Wynika z nich, że połowa Polaków po 25 odkładania składki emerytalnej do ZUS otrzyma zaledwie 492zł brutto emerytury. To tylko 28 proc. obecnej płacy minimalnej, wynoszącej 1750zł. Obecnie emerytura minimalna to 880zł, co i tak wpędza część emerytów na skraj nędzy.

Według ekonomistów do takiego stanu rzeczy przyczyni się nowy sposób ozusowania kilku umów-zleceń jednej osoby. Wejdzie on w życie od 1 stycznia 2016 roku. Wówczas zostanie wprowadzona kwota graniczna oskładkowania, równa płacy minimalnej.

Jednak według posła PiS prof. Józefa Hrynkiewicza powodów tak niskich emerytur jest znacznie więcej. W rozmowie z „Radiem Maryja” wskazał, że idzie tu między innymi o kształt obecnego systemu emerytalnego. „Polega na tym, że w pierwszym okresie zabrano część środków na ubezpieczenie emerytalne z ZUS – powstał wtedy bardzo duży dług w ZUS-ie. Druga przyczyna polega na tym, że w roku 2009 zmieniono system ubezpieczenia emerytalnego w ZUS na w istocie system kapitałowy – każdy dostanie tak wysoką emeryturę, na jaką sobie złoży płacąc składki” – stwierdził prof. Hrynkiewicz.

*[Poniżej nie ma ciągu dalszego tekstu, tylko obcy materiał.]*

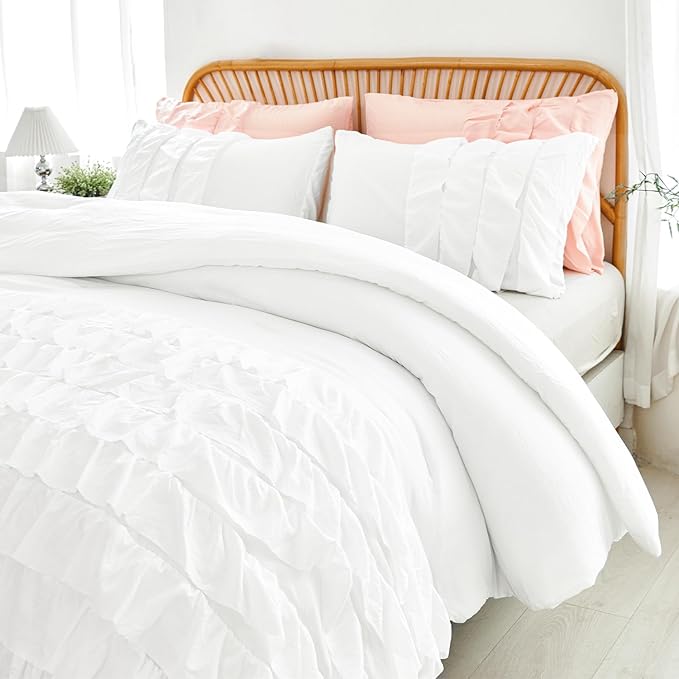 PERFEMET White Ruffle Comforter Set Full Size Multi Layers Ruffled Farmhouse Bedding Set Washed Microfiber Kids Bed Sets for Girls Boho Chic Preppy Bedding Set, 3 Pieces (White,Full)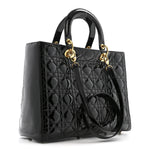 Patent Cannage Large Lady Dior Black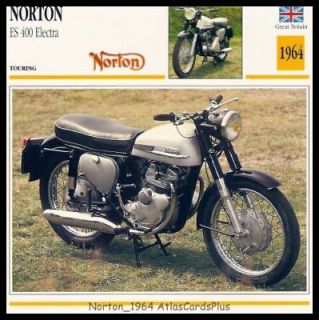 Motorcycle Fact Card 1964 Norton ES 400 Electra British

Ekonomiści widzą sposób na rozwiązanie tego problemu w rozwoju tak zwanego trzeciego filaru. Zdaniem profesora Hrynkiewicza instytucje te musiałby być bezpieczne i posiadać państwowe gwarancje. Co więcej niskie dochody Polaków sprawiają, że blisko 90 proc. tak naprawdę nie ma z czego odkładać na emerytury.